BerandaTafsir TematikTafsir KebangsaanKecaman Alquran atas Tindakan Memecah Belah Agama

Kecaman Alquran atas Tindakan Memecah Belah Agama

Menjaga keutuhan bangsa dari upaya memecah belah agama merupakan suatu keharusan yang mendesak dalam konteks keberagaman Indonesia. Agama sendiri telah menjadi salah satu pilar utama dari identitas dan kebudayaan masyarakat. Pemahaman tentang pentingnya saling menghormati dan memelihara perbedaan agama kiranya dapat menjadi sebuah solusi dalam menjaga keutuhan bangsa.

Alquran sendiri memberikan kecaman bagi siapa pun–terutama umat Islam–yang memecah belah agama mereka sendiri hingga menjadi beberapa golongan dan saling berseberangan. Hal ini menunjukkan bahwa Allah melalui firman-Nya hendak menyampaikan akan pentingnya persatuan dan kesatuan dalam menjalankan ajaran agama.
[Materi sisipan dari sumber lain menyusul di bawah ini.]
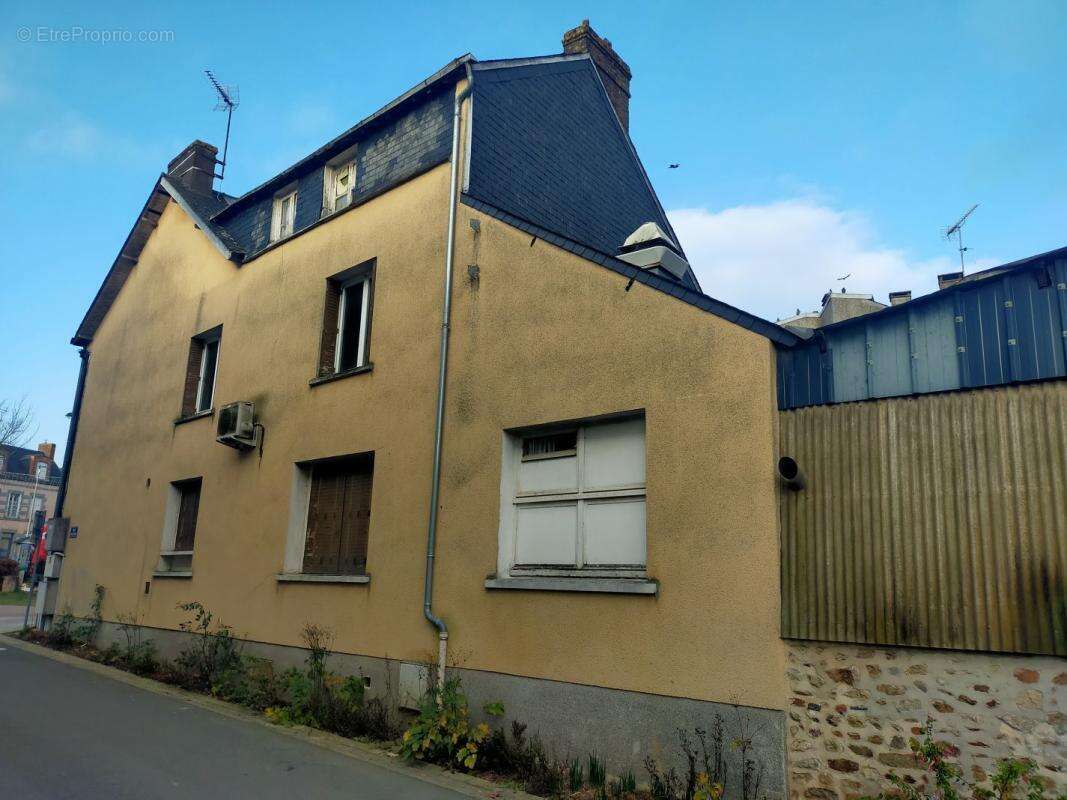 Maison à VILLAINES-LA-JUHEL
Perpecahan dalam agama hanya akan melemahkan umat dan melemahkan kekuatan bangsa yang seharusnya bersatu untuk kebaikan bersama.
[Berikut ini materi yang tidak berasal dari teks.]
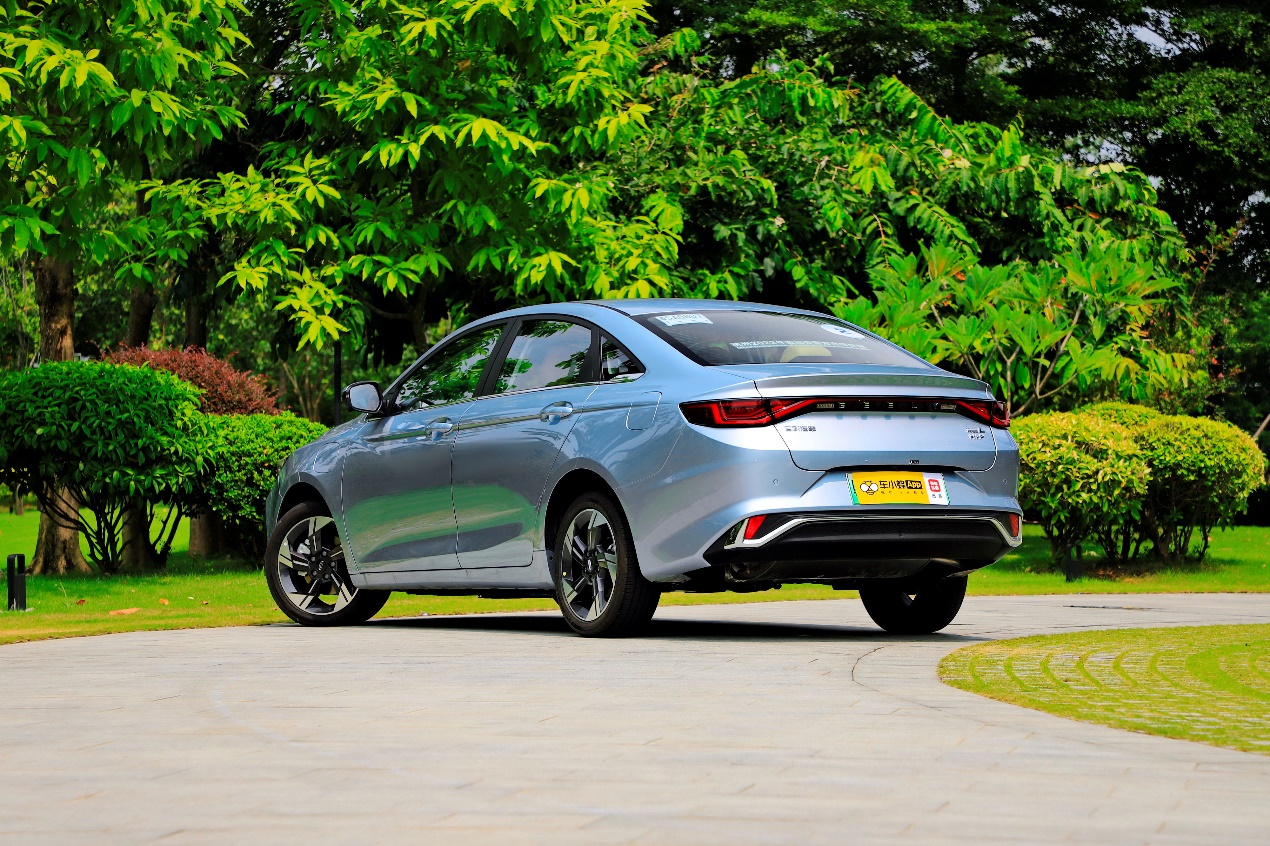 帝豪Lhip试驾评测,帝豪lhip10万公里测评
Ayat-ayat Alquran yang berkaitan dengan tindakan memecah belah agama dirasa perlu untuk diartikan lebih luas dalam konteks masyarakat yang multikultural dan multiagama seperti halnya di Indonesia. Melalui ayat-ayat ini, diharapkan dapat memantik kesadaran untuk saling memahami dan menghormati perbedaan keyakinan agar terhindar dari perpecahan yang dapat mengancam stabilitas sosial.
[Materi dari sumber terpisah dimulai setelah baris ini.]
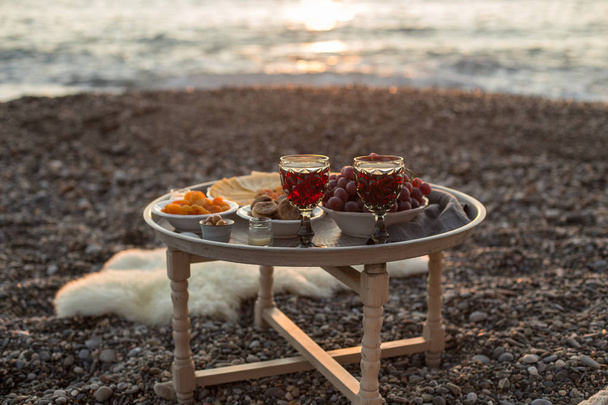 cena romántica con vino y uvas junto al mar
 - Foto, imagen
Memecah Belah Agama Perspektif Alquran

Pertama, firman Allah Swt. dalam surah Al-An’am [6]: 159.

اِنَّ الَّذِيْنَ فَرَّقُوْا دِيْنَهُمْ وَكَانُوْا شِيَعًا لَّسْتَ مِنْهُمْ فِيْ شَيْءٍۗ اِنَّمَآ اَمْرُهُمْ اِلَى اللّٰهِ ثُمَّ يُنَبِّئُهُمْ بِمَا كَانُوْا يَفْعَلُوْنَ

“Benar-benar orang-orang yang memecah belah agamanya dan mereka menjadi (terpecah) dalam golongan-golongan, sedikit pun Anda (Nabi Muhammad) tidak bertanggung jawab terhadap mereka. Sesungguhnya urusan mereka (terserah) hanya kepada Allah. Kemudian, Dia akan memberitahukan kepada mereka apa yang telah mereka lakukan.”

Dalam Jami’u al-Bayan ‘an Ta’wil Ay al-Qur’an, Al-Tabari menuliskan beberapa riwayat pendapat mengenai orang-orang yang memecah belah agama. Sebagian besar riwayat berpendapat bahwa yang dimaksud dalam hal ini adalah umat Yahudi dan Nasrani. Namun, ada pendapat juga yang mengatakan bahwa perpecahan agama bisa timbul dari mereka yang hanya mengikuti hal-hal mutasyabihat dalam Alquran, tetapi tidak mengikuti makna yang sebenarnya.

Baca juga: Habib Luthfi bin Yahya: Surah Alfatihah Ajarkan Persatuan dan Kerukunan

Al-Tabari juga menjelaskan bahwa orang-orang yang memecah belah agama dan memisahkan diri dari kebenarannya bukanlah termasuk dari umat Allah Swt. dan terbebas dari tanggung jawab Nabi Muhammad. Mereka inilah yang biasa disebut sebagai ahli bidah, ahli syubhat, dan orang-orang yang tersesat dari agama Allah yang lurus (Islam)–agama Ibrahim (Jami’u al-Bayan ‘an Ta’wil Ay al-Qur’an, Jilid 10, hal. 32-33).

Kedua, firman Allah Swt. dalam surah Al-Mu’minun [23]: 53.

فَتَقَطَّعُوْٓا اَمْرَهُمْ بَيْنَهُمْ زُبُرًاۗ كُلُّ حِزْبٍۢ بِمَا لَدَيْهِمْ فَرِحُوْنَ

“Lalu mereka (para pengikut rasul) terpecah belah dalam urusan (agama)-nya menjadi beberapa golongan. Setiap golongan bangga dengan apa yang ada pada mereka (masing-masing).”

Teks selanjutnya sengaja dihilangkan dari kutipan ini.